Hey, you’re right. So, in essence he’s dividing by zero twice. If two wrongs did make a right, the proof would be valid again.
Also, since three lefts make a right, that makes two wrongs=three lefts. In that case, if left is wrong, then 2=3.
quod erat demonstrandum
So… let me shift the question a bit -
If the original mass is nothing, how does going C make it something. How does zero at rest become more than zero through speed? I appreciate the physics equations, but how about seeing if you can explain this in big crayon style thought balloons without using relativity equations.
How about looking at it this way – imagine that the photon had mass, but that it was moving slower than light. Now accelerate it to the speed of light. It turns out that acceleating an object of any mass to lightspeed requires an infinite amount of energy, and the relativistic mass asymptotically approaches infinity as well, regardless of how small the mass you started off with was. Far any value of v/c you can reduce the product of relativistic mass times relativistic velocity by making the mass smaller. The only limit that gives you a finite momentum for speed approaching lightspeed is mass approaching zero.

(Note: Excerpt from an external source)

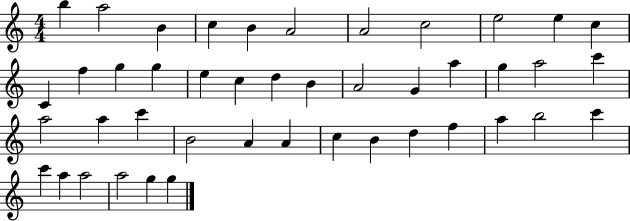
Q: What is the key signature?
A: C major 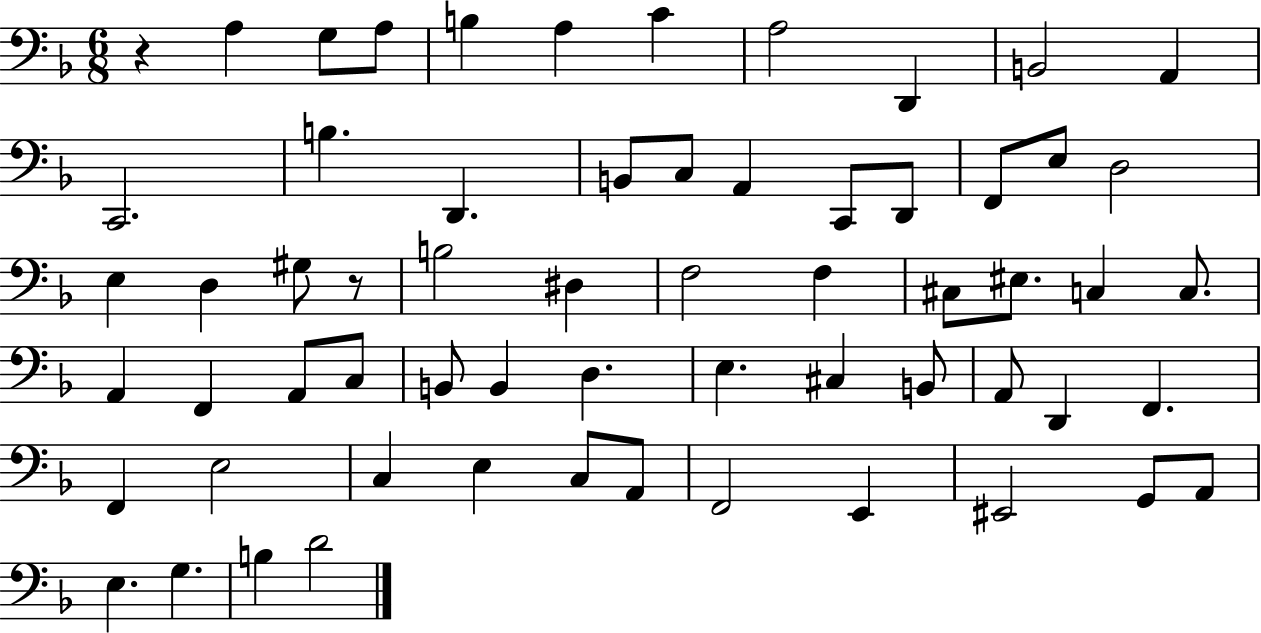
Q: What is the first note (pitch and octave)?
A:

Here’s something I’ve been wondering about since a high school physics class some decades ago…
Black objects are black because they absorb light, right? What happens to that light? I assume that black objects trap a large number of photons. If photons can’t stop, are they bouncing around inside a black object. Do black objects get heavier and heavier when you shine lights on them? What’s going on with the color black?

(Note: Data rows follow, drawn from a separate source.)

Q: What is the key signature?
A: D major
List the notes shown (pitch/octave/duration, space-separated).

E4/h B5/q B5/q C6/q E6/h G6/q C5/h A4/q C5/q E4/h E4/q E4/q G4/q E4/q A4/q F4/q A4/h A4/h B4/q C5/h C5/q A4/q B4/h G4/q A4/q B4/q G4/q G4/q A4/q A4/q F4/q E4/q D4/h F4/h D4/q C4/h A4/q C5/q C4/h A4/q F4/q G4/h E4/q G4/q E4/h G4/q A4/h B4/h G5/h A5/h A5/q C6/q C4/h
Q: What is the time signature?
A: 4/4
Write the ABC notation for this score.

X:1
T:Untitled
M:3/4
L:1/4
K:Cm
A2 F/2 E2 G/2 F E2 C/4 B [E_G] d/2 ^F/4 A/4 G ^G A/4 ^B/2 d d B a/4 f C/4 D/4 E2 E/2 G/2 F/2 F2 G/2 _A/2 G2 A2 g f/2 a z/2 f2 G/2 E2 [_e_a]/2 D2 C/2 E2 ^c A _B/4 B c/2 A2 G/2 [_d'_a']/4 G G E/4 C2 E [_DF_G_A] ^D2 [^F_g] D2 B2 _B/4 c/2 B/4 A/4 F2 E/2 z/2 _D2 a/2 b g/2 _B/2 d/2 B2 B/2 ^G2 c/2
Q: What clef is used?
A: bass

They get hotter. Photons get absorbed by something (even if you have highly reflecting internal facets, as with the “light pump” in Theodore Sturgeon’s “Microscopic God” , you have a huge number of bounces. Eventually, even with teeny absorption per bounce, it all gets absorbed). Some of the energy might get re-emitted as photons (of a different wavelength), but at least some and usually all of it ends up going into heating the object, so it gets hotter. The photons have momentum but no mass, so it doesn’t get heavier. Some of the heat re-emerges as infrared photons of vastly different wavelength. most of the heat ends up being conducted away by objects your black object is in contact with, or by the surrounding air.
Actually, all else being equal, a hot object does weigh ever so slightly more than a cold object. The photon that got absorbed was massless, but in general, a system of photons does have mass, and a system of objects moving in different directions (as, for instance, a hot object) has a component of mass due to the kinetic energies of the individual particles.